The IDO asked her whether she wished to comment. She said she had nothing to say about the procedure itself, but said ‘the image of Lord Brittan that the witness had identified (and images of him generally) is widely available in the media and that he is easily recognisable’.
Lord Brittan died in January, 2015, aged 75, without his name being cleared. Watson took the opportunity to trample on his grave, metaphorically speaking, by calling him ‘as close to evil as any human being could get’.
He would later concede, when grilled about his role in the rape inquiry by the Commons Home Affairs Select Committee, that he should not have ‘repeated such an emotive phrase’ but, he explained, he was simply quoting someone who claimed to have been abused by Lord Brittan.
That someone turned out recently to be the aforementioned fantasist ‘Nick’.
DCI Settle, who was completely vindicated by the (redacted) Henriques report — but has since taken early retirement after concluding he had no future in the force because of the stance he took over Lord Brittan — accused Watson of a ‘betrayal’ for lobbying the DPP in the first place. ‘I thought I had been frank and honest with him and transparent from the outset,’ he told the committee.

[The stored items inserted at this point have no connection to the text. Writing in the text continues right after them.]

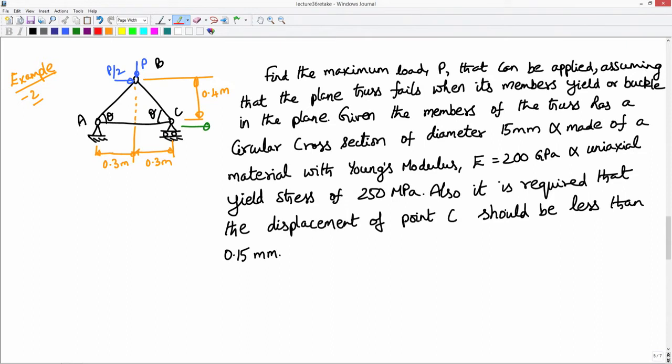Now we will solve for the member forces first — find which members are in tension and which are in compression. Then we have to limit the compressive stress so that it does not exceed the Euler critical load for the member. We must also ensure that the material strength is not exceeded in compression, and in tension the material strength should not be exceeded for the given load.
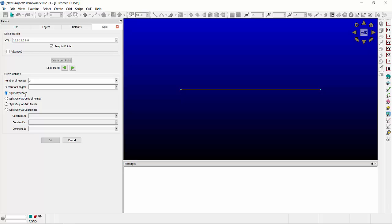You can choose to split anywhere, split only at control points, split only at grid points, or split only at a coordinate. You can also choose multiple percentages of length to split the connector.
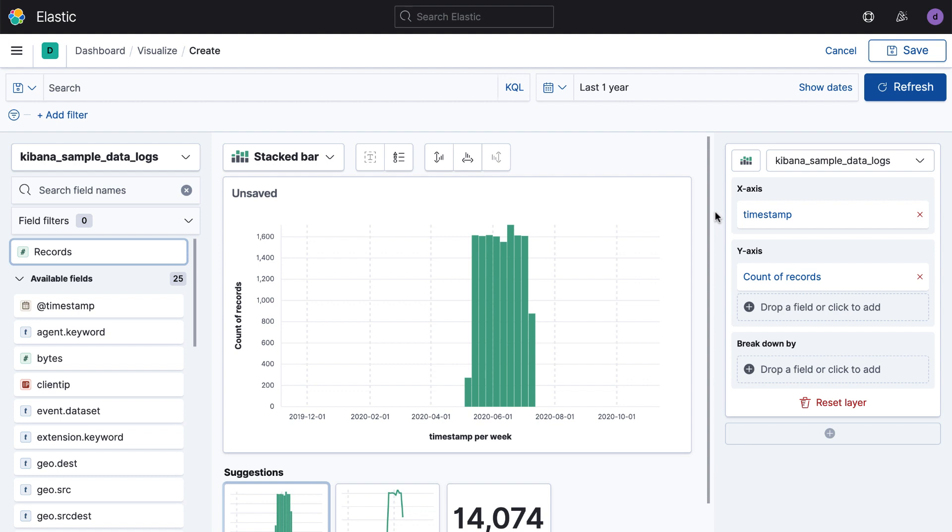It's taking a guess, saying, hey, I bet you want to see this over time. And just like that, with just my mouse, I've built my first visualization inside of Kibana Lens.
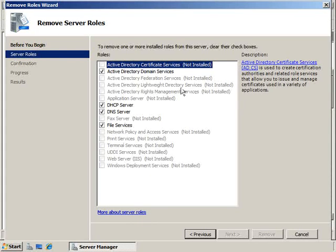Here I get a list of all the roles that are available to be installed on this computer, and you'll notice that some of the boxes are checked. Well, the boxes that are checked are the ones that have already been installed.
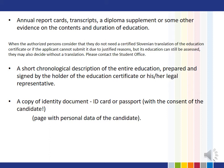A short chronological description of the entire education, prepared and signed by the holder of the education certificate or their legal representative. A copy of an identity document — ID card or passport.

‘We had him visit our office. We had him meet our team so that he could gain confidence in what we were doing and understand that we would take the investigation where the evidence led us.
We were not there with an agenda. We were there to do a job. It was simple as that and I saw it as a low blow, to be perfectly honest.’
Watson is seen as the voice of moderation in a Labour Party hijacked by the hard Left. His political views have never been in question but the same cannot be said of his character, judgment and integrity.
Even so, it is the Metropolitan Police, not Watson, which is responsible for what happened to Lord Brittan and his family.
Lady Brittan was belatedly informed that her beloved husband would not have faced prosecution had he still been alive.
It was the Met’s final, unforgivable insult.
In all, the Met was told four times by the CPS that Lord Brittan had no case to answer. Four times that legal advice was ignored.
Despite trashing the peer’s reputation, Jane has kept her anonymity and has never been investigated for perverting the course of justice.
So far, not a single senior officer involved in the ‘rape case’ has been held accountable. They acted in ‘good faith,’ the Met insists.
The forthcoming, uncensored Henriques report will surely nail that lie — if the section relating to the bogus Jane rape allegation is made public.